Copy each line of the listing below exactly and drop the images.

[SUPPLIED DATA]
******

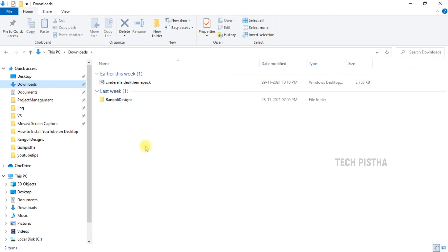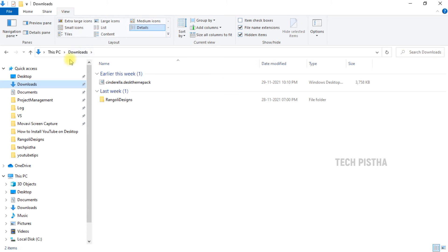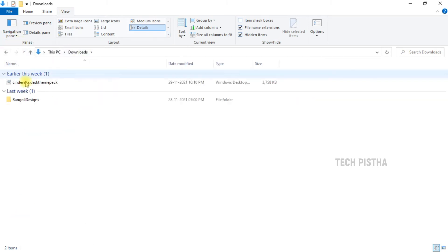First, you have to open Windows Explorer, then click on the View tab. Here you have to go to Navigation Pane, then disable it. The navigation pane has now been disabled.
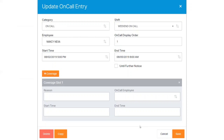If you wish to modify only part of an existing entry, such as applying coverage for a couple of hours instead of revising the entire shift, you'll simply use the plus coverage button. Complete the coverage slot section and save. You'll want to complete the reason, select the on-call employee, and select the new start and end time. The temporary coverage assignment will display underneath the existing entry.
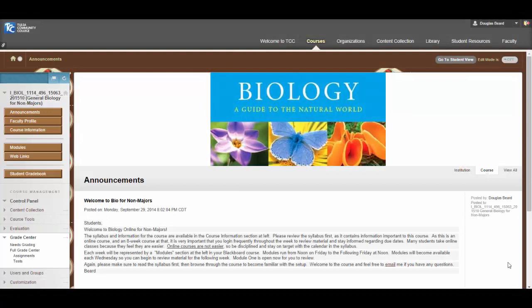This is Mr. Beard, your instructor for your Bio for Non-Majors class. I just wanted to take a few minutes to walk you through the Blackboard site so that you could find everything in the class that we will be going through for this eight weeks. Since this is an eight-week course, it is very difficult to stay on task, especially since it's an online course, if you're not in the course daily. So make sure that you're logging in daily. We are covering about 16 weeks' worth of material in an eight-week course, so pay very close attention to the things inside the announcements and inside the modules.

******

[EXERCISE RESPONSE]
First, you have to open Windows Explorer, then click on the View tab. Here you have to go to Navigation Pane, then disable it. The navigation pane has now been disabled.
If you wish to modify only part of an existing entry, such as applying coverage for a couple of hours instead of revising the entire shift, you'll simply use the plus coverage button. Complete the coverage slot section and save. You'll want to complete the reason, select the on-call employee, and select the new start and end time. The temporary coverage assignment will display underneath the existing entry.
This is Mr. Beard, your instructor for your Bio for Non-Majors class. I just wanted to take a few minutes to walk you through the Blackboard site so that you could find everything in the class that we will be going through for this eight weeks. Since this is an eight-week course, it is very difficult to stay on task, especially since it's an online course, if you're not in the course daily. So make sure that you're logging in daily. We are covering about 16 weeks' worth of material in an eight-week course, so pay very close attention to the things inside the announcements and inside the modules.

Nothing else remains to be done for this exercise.